------ The data ------

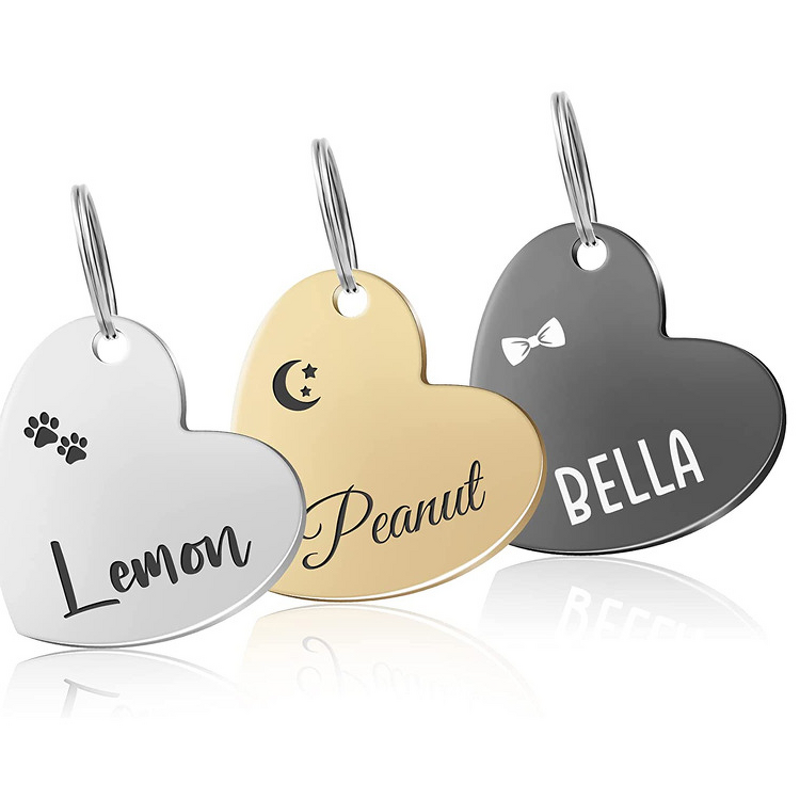 Dog Tag - Customizable Stainless Steel Anti-Loss Blank ID Card DIY Lettering Metal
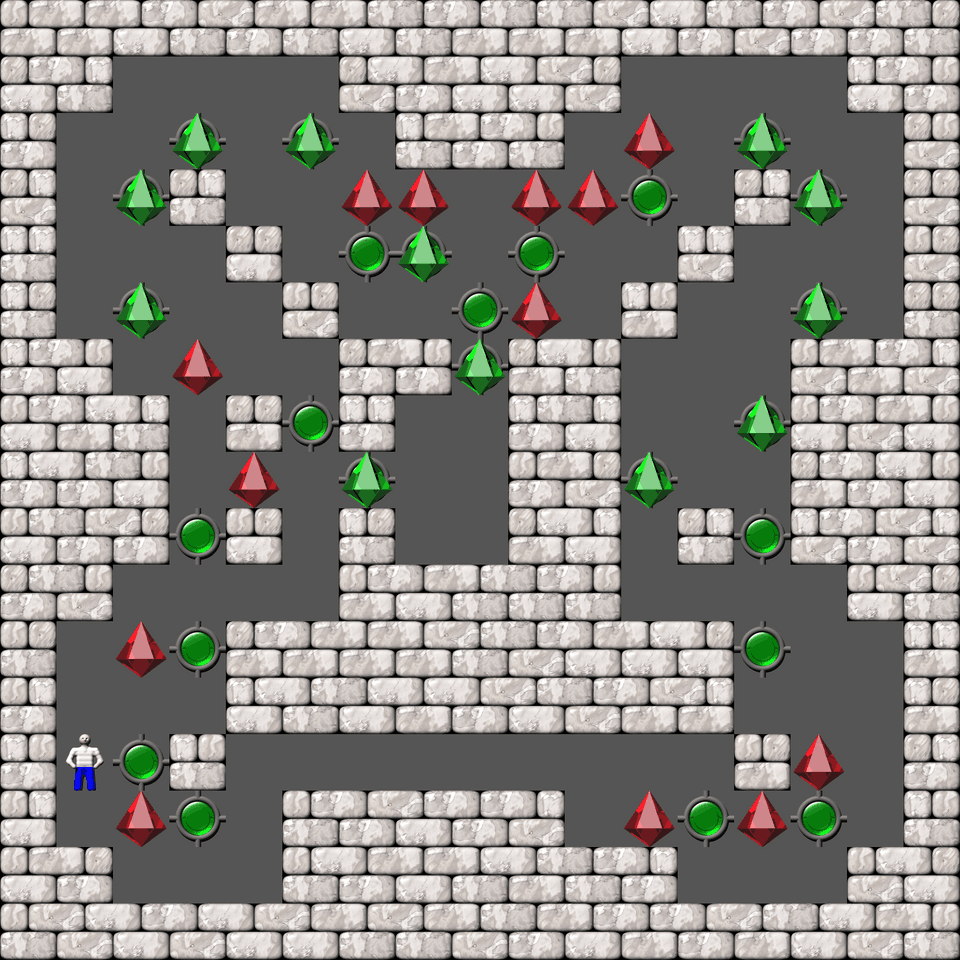 Sokoban Bugs509 collection level 253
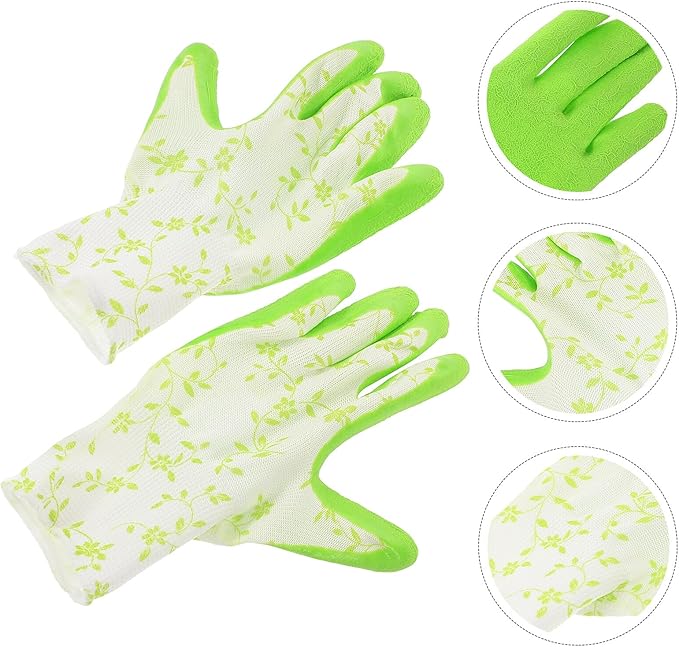TIDTALEO Thorn Proof Gardening Gloves for Women and Men, Wear Resistant Outdoor Yard Gloves with Waterproof, Anti-slip, Puncture-resistant Thickened Fabric for Garden and Landscaping Tasks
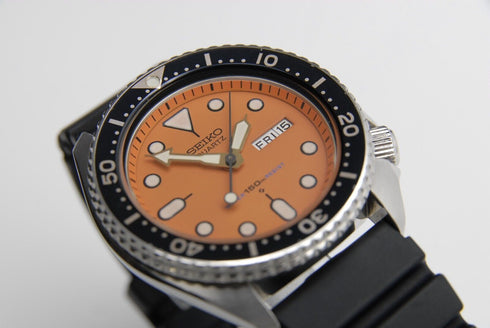 【 N MINT - 】 SEIKO Quartz 7548-700C 41mm Day/Date Orange Dial Quartz Men's Watch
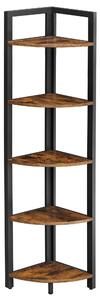 ROHOVÝ REGÁL, hnedá, čierna, uhlíková oceľ, 30/150/30 cm Boxxx - Online Only drobný nábytok, Online Only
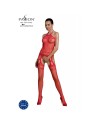 bodystocking ecologique sexy en resille rouge eco bs006 de la marque polonaise passion lingerie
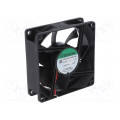 EF80252B2-1000U-A99; Fan: DC; axial; 24VDC; 80x80x25mm; 62.86m3/h; 30dBA; ball bearing; SUNON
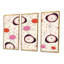 Funky Midcentury Clocks - 3 pièces, reproduction sur toile-1703677823-1703677819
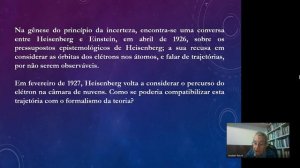 Luiz Peduzzi: Problemas conceituais e filosóficos de uma nova mecânica: Bohr, Heisenberg e Einstein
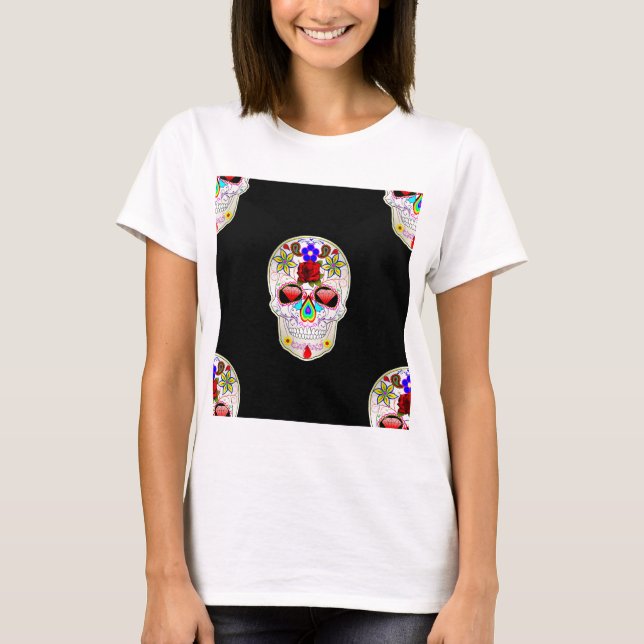 T-shirt crâne à sucre (Devant)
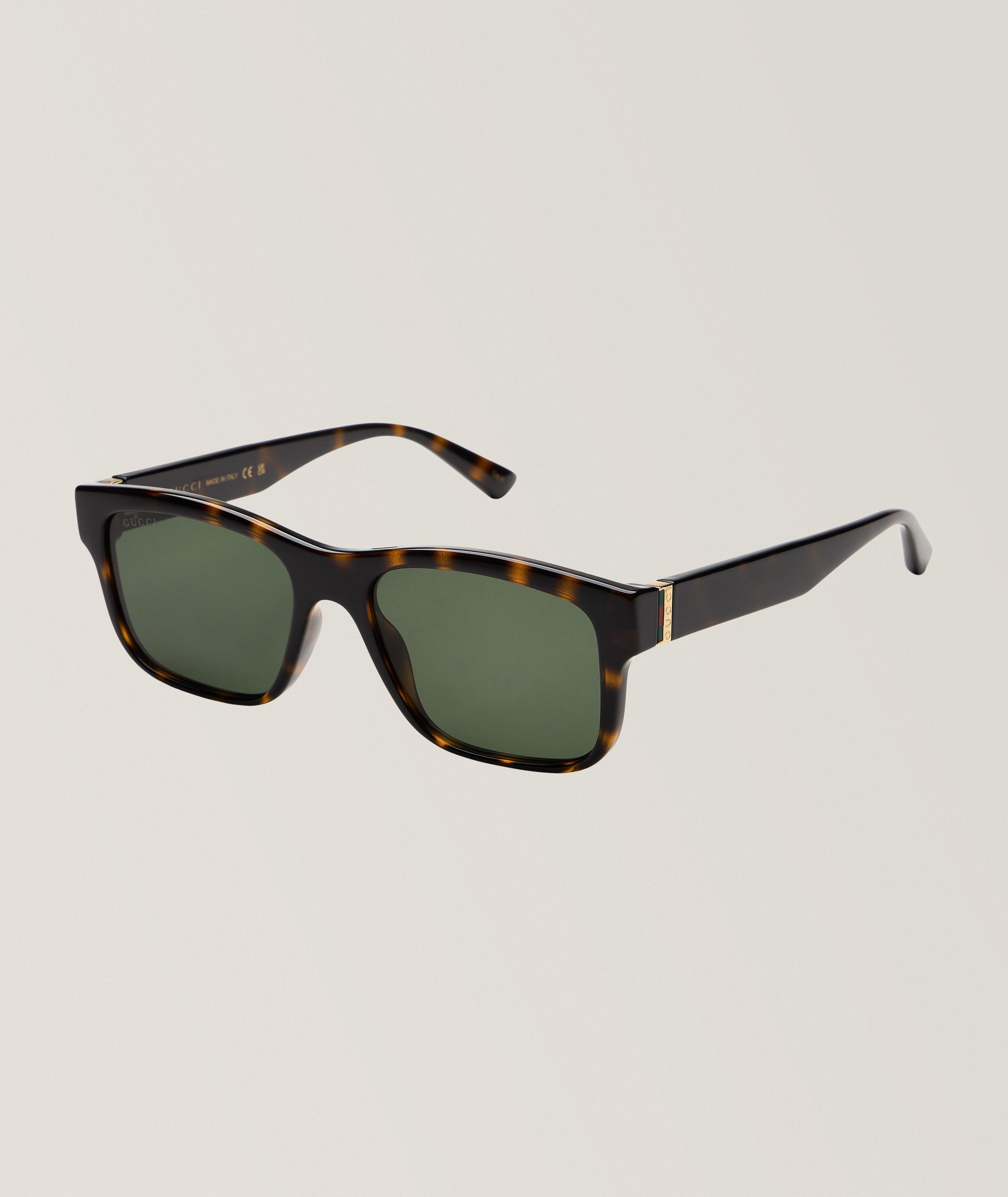 Lunettes de soleil rectangle havane image 0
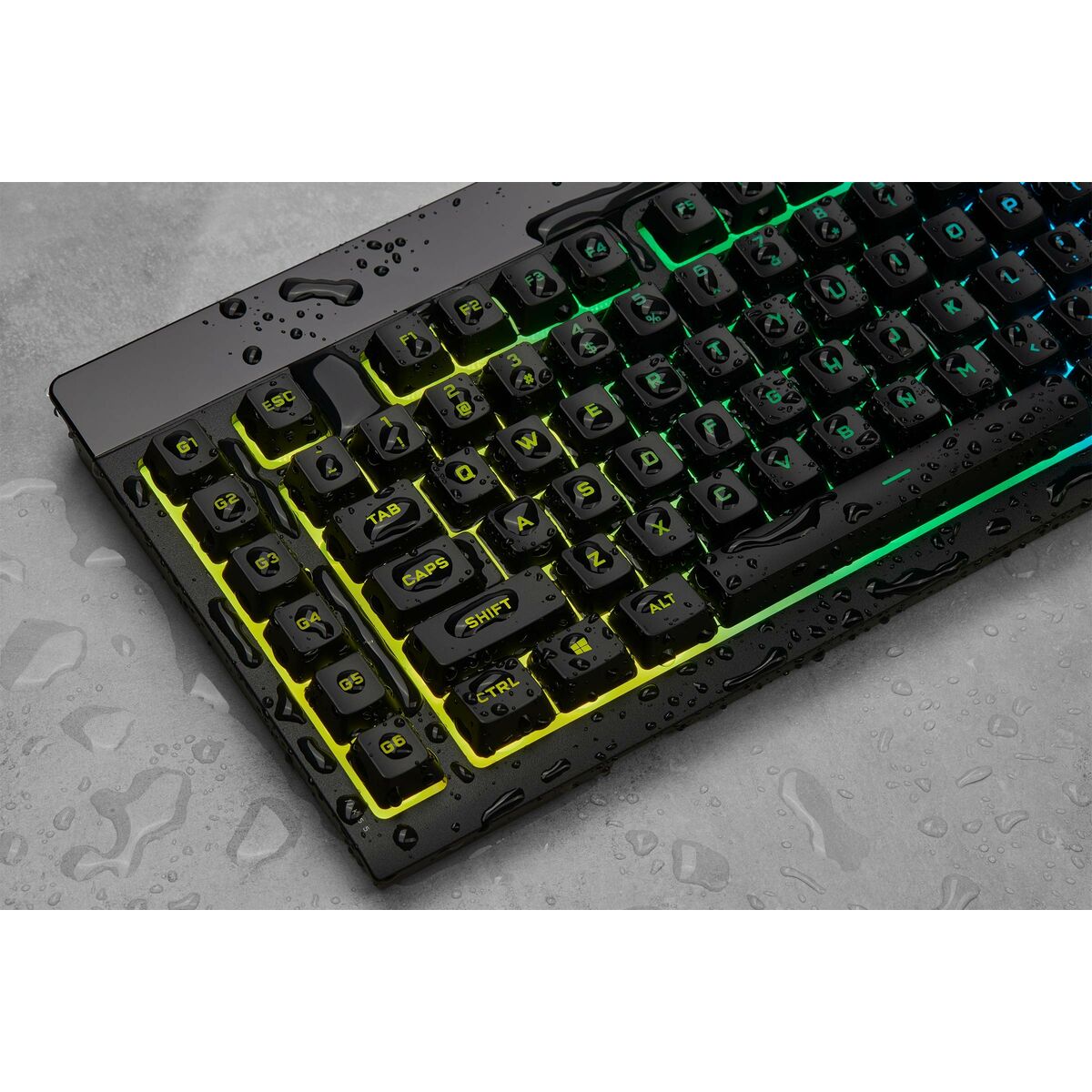 Keyboard Corsair K55 RGB Pro Black Spanish Qwerty QWERTY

------

Return the lines of the data above in full and exactly, with no pictures.

Reply to the task:
 Dog Tag - Customizable Stainless Steel Anti-Loss Blank ID Card DIY Lettering Metal
 Sokoban Bugs509 collection level 253
TIDTALEO Thorn Proof Gardening Gloves for Women and Men, Wear Resistant Outdoor Yard Gloves with Waterproof, Anti-slip, Puncture-resistant Thickened Fabric for Garden and Landscaping Tasks
 【 N MINT - 】 SEIKO Quartz 7548-700C 41mm Day/Date Orange Dial Quartz Men's Watch
 ROHOVÝ REGÁL, hnedá, čierna, uhlíková oceľ, 30/150/30 cm Boxxx - Online Only drobný nábytok, Online Only
 bodystocking ecologique sexy en resille rouge eco bs006 de la marque polonaise passion lingerie
 EF80252B2-1000U-A99; Fan: DC; axial; 24VDC; 80x80x25mm; 62.86m3/h; 30dBA; ball bearing; SUNON
 Funky Midcentury Clocks - 3 pièces, reproduction sur toile-1703677823-1703677819
 Luiz Peduzzi: Problemas conceituais e filosóficos de uma nova mecânica: Bohr, Heisenberg e Einstein
 T-shirt crâne à sucre (Devant)
 Lunettes de soleil rectangle havane image 0
 Keyboard Corsair K55 RGB Pro Black Spanish Qwerty QWERTY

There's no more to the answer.